Breast cancer is sometimes found after symptoms appear. However, some women with breast cancer have no symptoms, which is why regular breast cancer screening is encouraged. Breast cancer screening with mammography has been shown to improve prognosis and reduce mortality by detecting disease at an earlier stage. However, many cancers are missed on screening mammography.
Researchers now report that artificial intelligence (AI) may potentially improve reading breast cancer screening mammograms. Their findings, “Improving Breast Cancer Detection Accuracy of Mammography with the Concurrent Use of an Artificial Intelligence Tool,” was published recently in the journal Radiology: Artificial Intelligence.
“Mammography has been the frontline screening tool for breast cancer for decades with more than 200 million women being examined each year around the globe,” noted the researchers. “However, limitations in sensitivity and specificity persist even in the face of the most recent technologic improvements. Up to 30–40% of breast cancers can be missed during screening and on average, only 10% of women recalled from screening for diagnostic workup are ultimately found to have cancer…Our work described a multireader, multicase clinical investigation carried out to test the hypothesis that the use of a new AI system can improve the performance of radiologists in breast cancer detection when reading digital screening mammography.”
The researchers used MammoScreen, an AI tool by the company Therapixel that can be applied with mammography to aid in cancer detection. MammoScreen is designed to identify regions suspicious for breast cancer on two-dimensional digital mammograms, assess their likelihood of malignancy based on a complete set of four views, and generate a set of image positions with a related suspicion score.
The researchers assessed a dataset of 240 2D digital mammography images acquired between 2013 and 2016 that included different types of abnormalities. Half of the dataset was read without AI and the other half with the help of AI.

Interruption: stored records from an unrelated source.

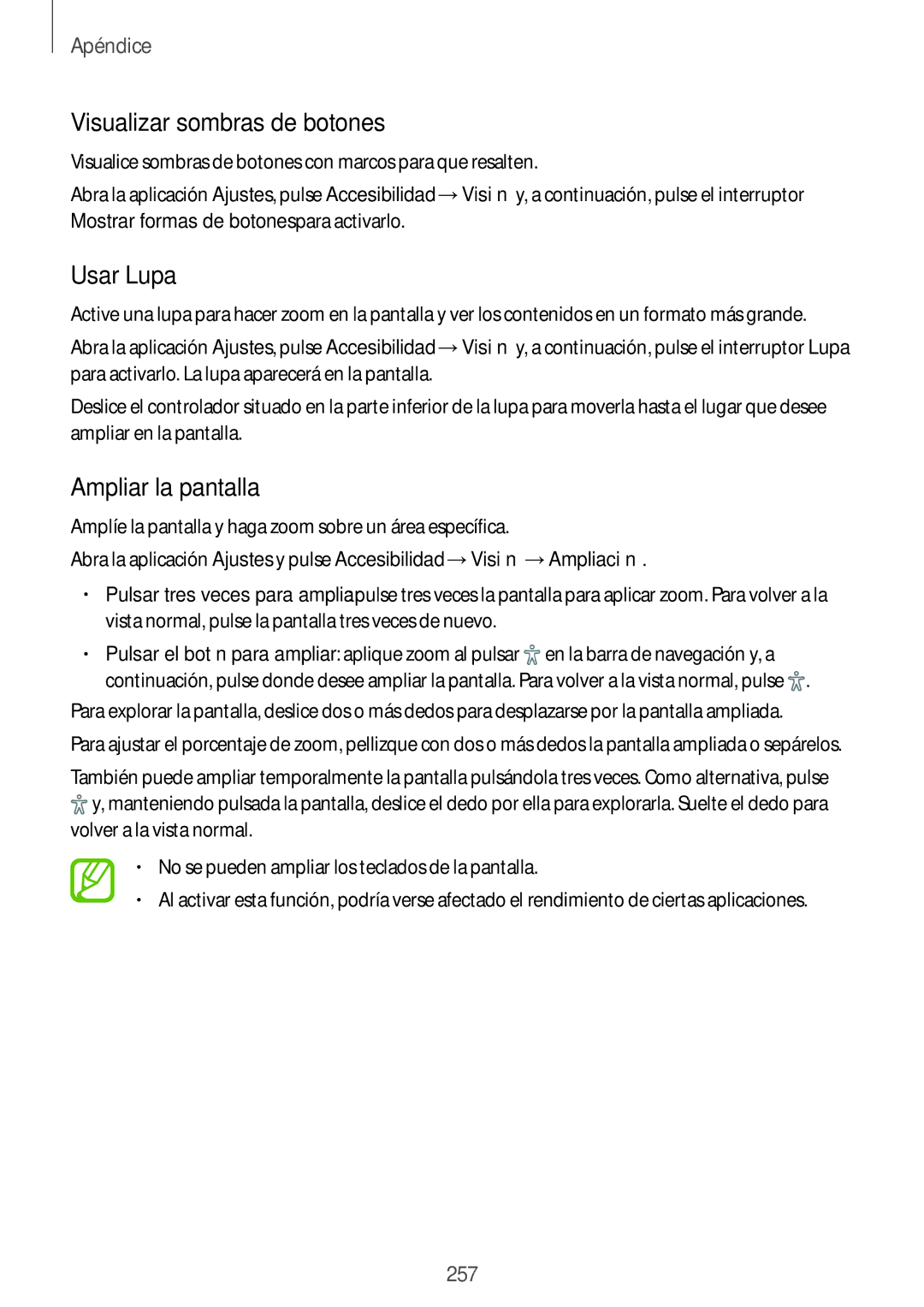Samsung SM-N950FZDDPHE, SM-N950FZKDPHE, SM-N950FZKAPHE manual Visualizar sombras de botones, Usar Lupa, Ampliar la pantalla 
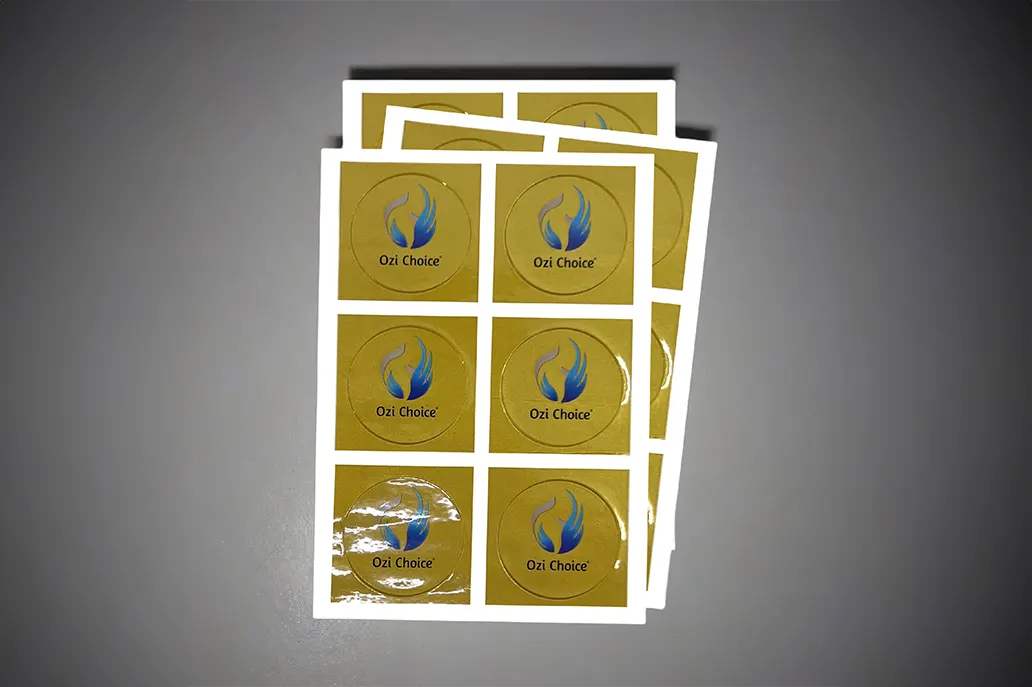 Paper Labels Gold Ink - Gloss - Same Day Printing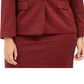 Blazer jacquard plus size feminino Nine West, tamanho 18W, vinho, com um botão
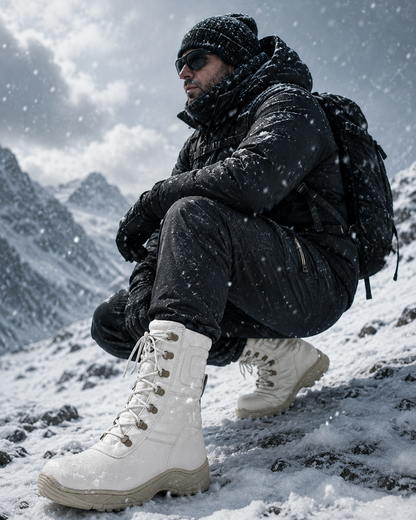 Snow Boots - White Leather Snow Boots with Fur & Memory Foam Footpad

“The average area under the receiver operating characteristic curve (AUC) across readers was 0.769 (95% CI: 0.724, 0.814) without AI and 0.797 (95% CI: 0.754, 0.840) with AI. The average difference in AUC was 0.028 (95% CI: 0.002, 0.055, P = .035). Average sensitivity was increased by 0.033 when using AI support (P = .021). Reading time changed dependently to the AI-tool score. For low likelihood of malignancy (< 2.5%), the time was about the same in the first reading session and slightly decreased in the second reading session. For higher likelihood of malignancy, the reading time was on average increased with the use of AI,” the researchers wrote.

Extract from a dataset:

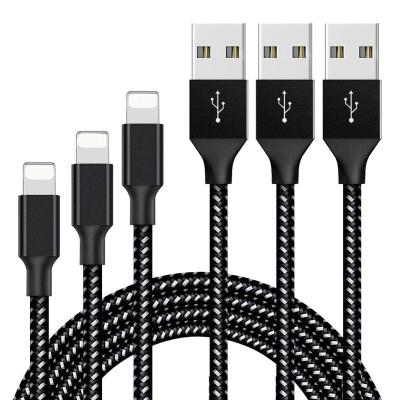 China For iPhone iPhone Charger Lighting 6FT USB Cable Nylon Braided Data Sync Transfer Charging Charging Cord Compatible With iPhone 13 for sale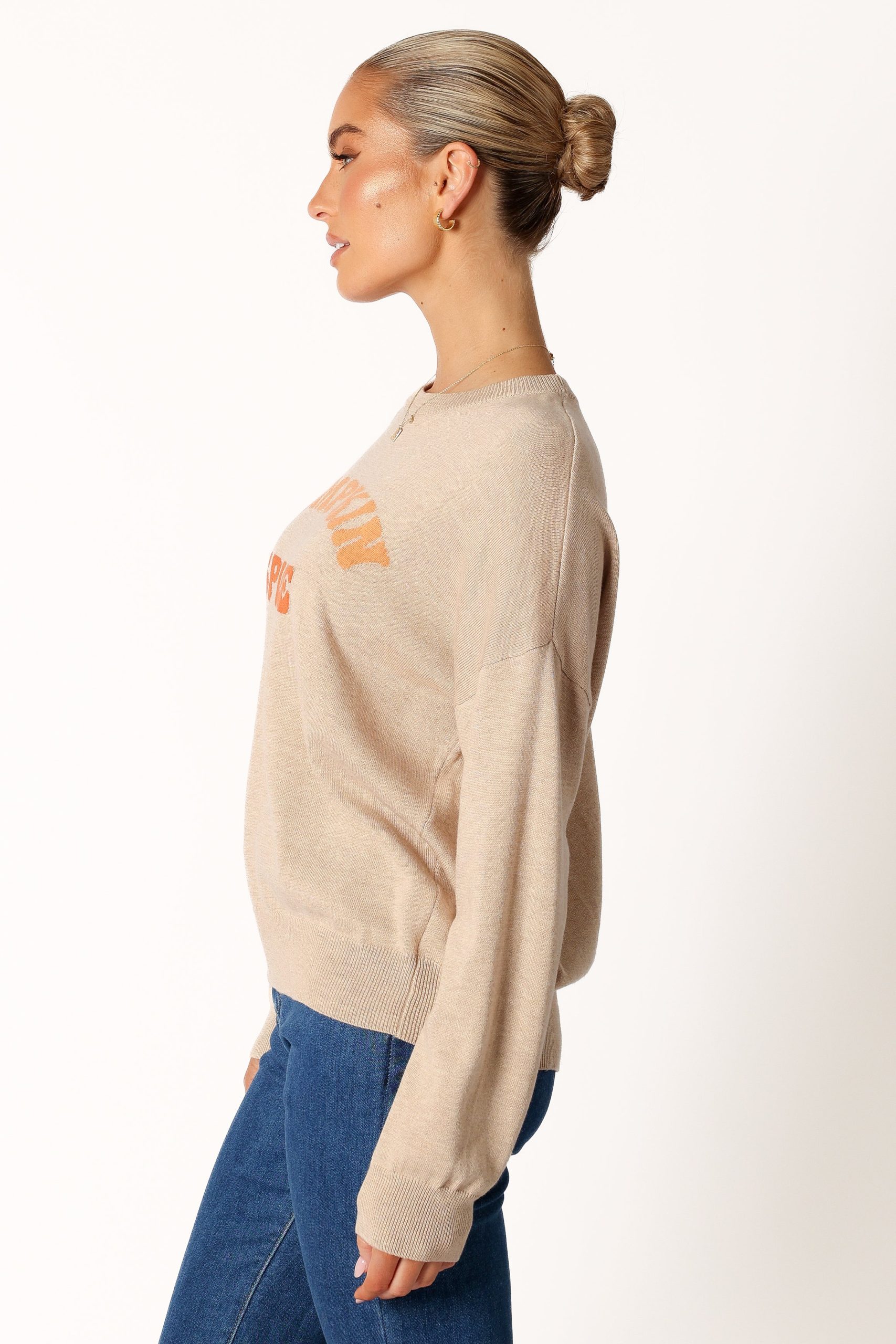 Pumpkin Spice Knit Sweater - Oatmeal - Image 5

The reduced reading time could potentially increase overall radiologists’ efficiency, allowing them to focus their attention on the more suspicious examinations, the researchers said.

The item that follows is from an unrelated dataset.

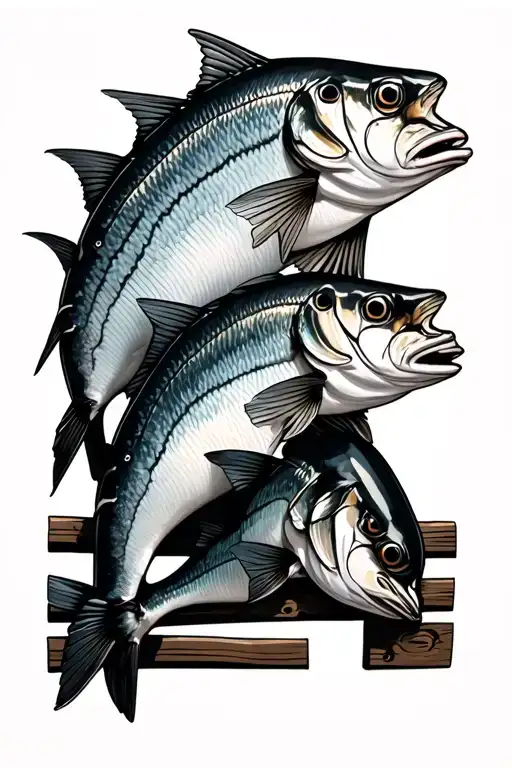 3 mackerels on a fence tattoo design idea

“The results show that MammoScreen may help to improve radiologists’ performance in breast cancer detection,” said Serena Pacilè, PhD, clinical research manager at Therapixel, where the software was developed.
According to Pacilè, the FDA cleared MammoScreen for use in the clinic, where it could help reduce the workload of radiologists. The researchers look forward to observing the behavior of the AI tool on a large screening-based population and its ability to detect breast cancer earlier.
Their research further reveals the the power of artificial intelligence and may one day lead to improved breast cancer detection and outcomes.